Free Response Example Questions

  • Given a dataset, (a) identify an item, attribute, and cell; (b) state, for each column, whether it is categorical, ordered, or quantitative.
  • What are two differences between dataframes and relational databases? Which would you use for logging web server activity, and why? Which would you use for reading in raw data and performing data cleaning, and why?
  • Given a dataframe with information about people, write polars code to find all people over the age of 30. Find the name of the oldest person in the dataframe.
  • Given two relations with one about instructors and another with department information, write a relational algebra expression to find the department offices for all instructors with the title “Professor”.
  • State three distinct ways in which Wrangler helps users trying wrangle raw datasets.
  • What is the importance of Potter’s Wheel for data wrangling?

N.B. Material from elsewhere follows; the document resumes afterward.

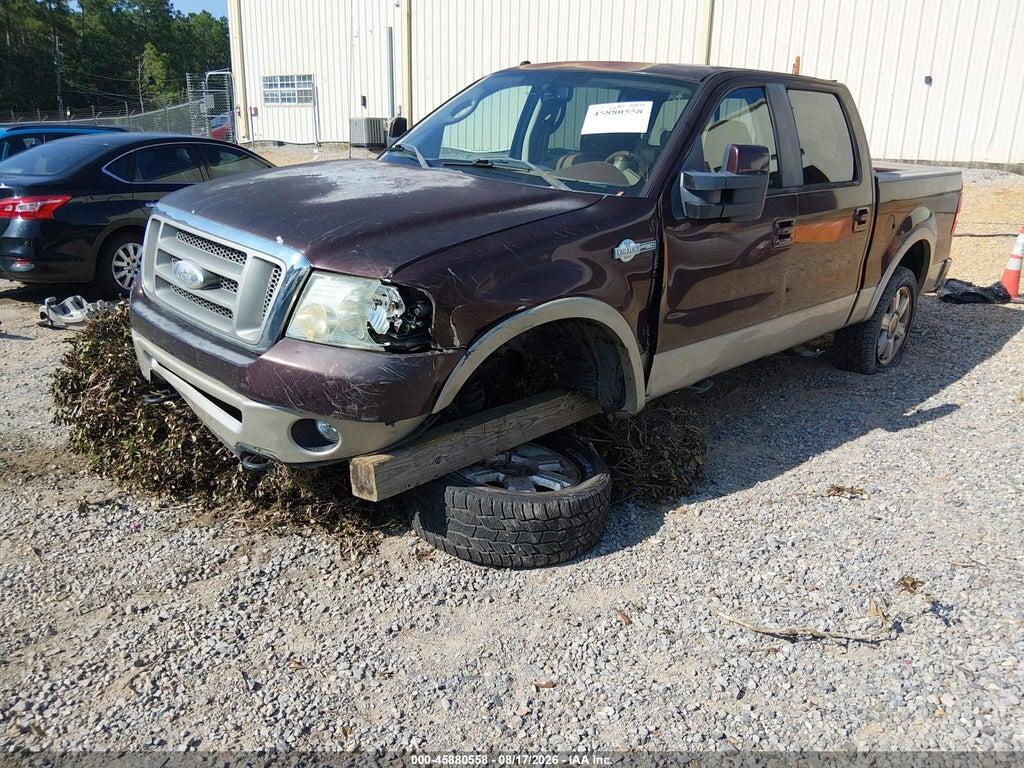 1FTPW14VX8KC03812 2008 FORD F-150 photo no. 2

Why does it show up in many papers?
  • How transform data by example (TDE) is different from Wrangler? How does transform by pattern (TBP) improve on transform by example, and what use cases does it aid with?
  • Given an untidy data frame, identify the problems with it and the transformations required to make it tidy. Exact syntax is not important, explain (and be specific) if you do not recall a particular operation or function name.
  • What is the difference between Foofah and Auto-Suggest? Which tasks does Auto-Suggest support?
  • What are the three core tasks in data cleaning? Why is HoloClean different from prior approaches to data cleaning?
  • How does artificial intelligence help with data wrangling? What are some limitations of current approaches?